Microsoft first invested in OpenAI in 2019, invested again in 2021, and—it’s rumored—invested an additional $10 billion in the company last month. Following this most recent investment, Microsoft was quick to roll out new AI-powered improvements to its search engine (Bing), its web browser (Edge), and its communication platform (Teams). Microsoft’s demo for Bing and Edge generated substantial excitement and publicity, which Microsoft CEO Satya Nadella smartly capitalized on. In an interview with the Financial Times, he stated, “From now on, the [gross margin] of search is going to drop forever … There is such margin in search, which for us is incremental. For Google it’s not, they have to defend it all.” Buoyed by its investment, fast rollout, and positive reception, Microsoft quickly painted Google as a company “scrambling to make up lost ground” despite years of AI investments, including the 2014 acquisition of DeepMind. In response to the competitive threats from Microsoft, Google unveiled its own AI-powered chatbot, Bard, in early February. After Bard made factual errors in its demo, the negative narrative gained more steam and Alphabet lost over $100 billion of market cap. However, the new AI-powered Bing made similar errors in its demo that were overlooked amid the hype. Bing AI not only generated factual inaccuracies, it also fabricated data that didn’t exist.
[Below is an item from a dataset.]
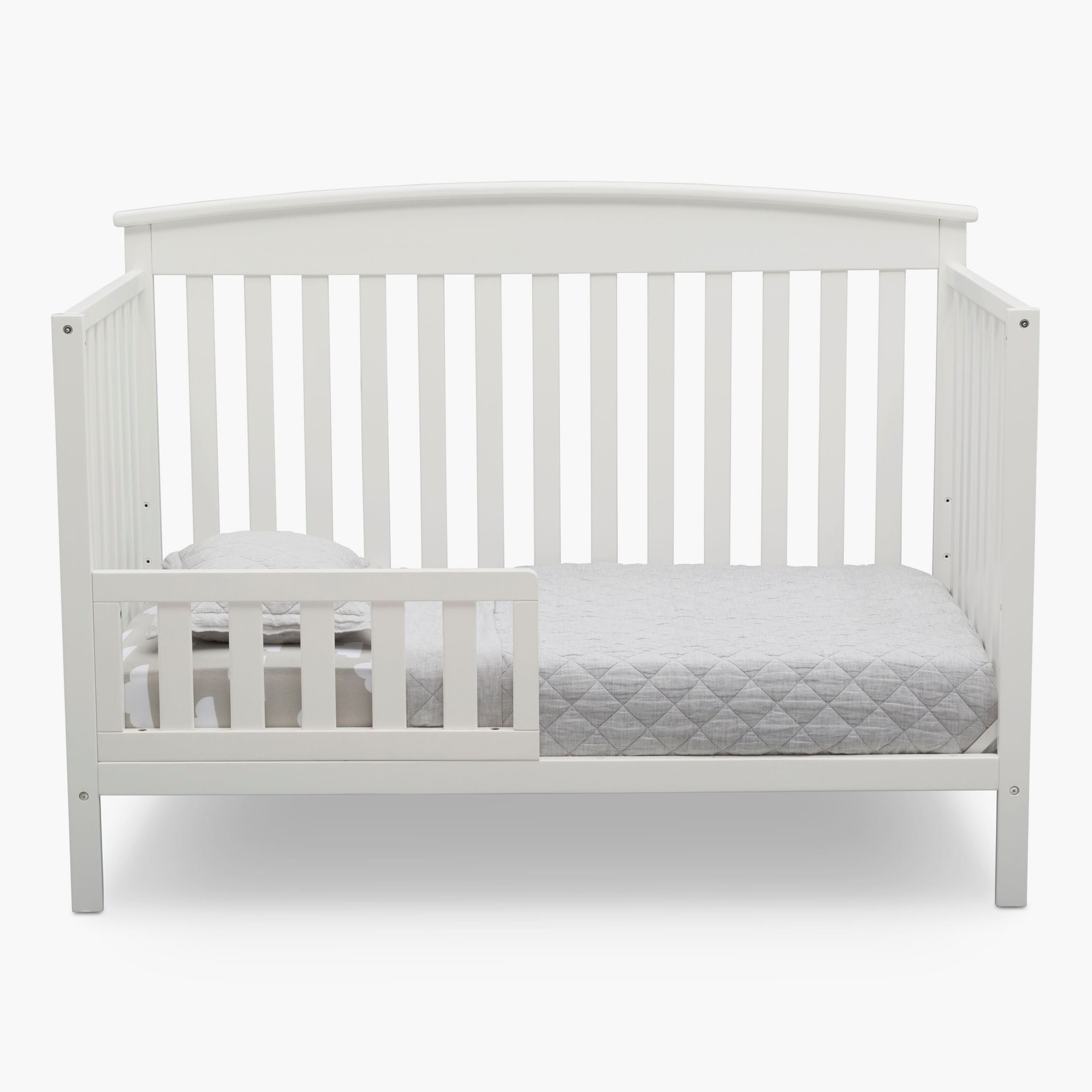 Delta 3 in store 1 crib toddler rail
Though both Bing AI and Bard have a number of limitations in their current form, it’s clear AI holds tremendous promise to better harness data, enhance the user experience, and improve existing technologies. AI will have profound implications for humanity beyond search or chatbot features—its applications in medicine, pharmaceutical discovery, and data analysis have already shown remarkable promise. And we’re encouraged by the renewed competition between Alphabet and Microsoft, which we believe will fuel continuing improvements to AI technology by both companies over time.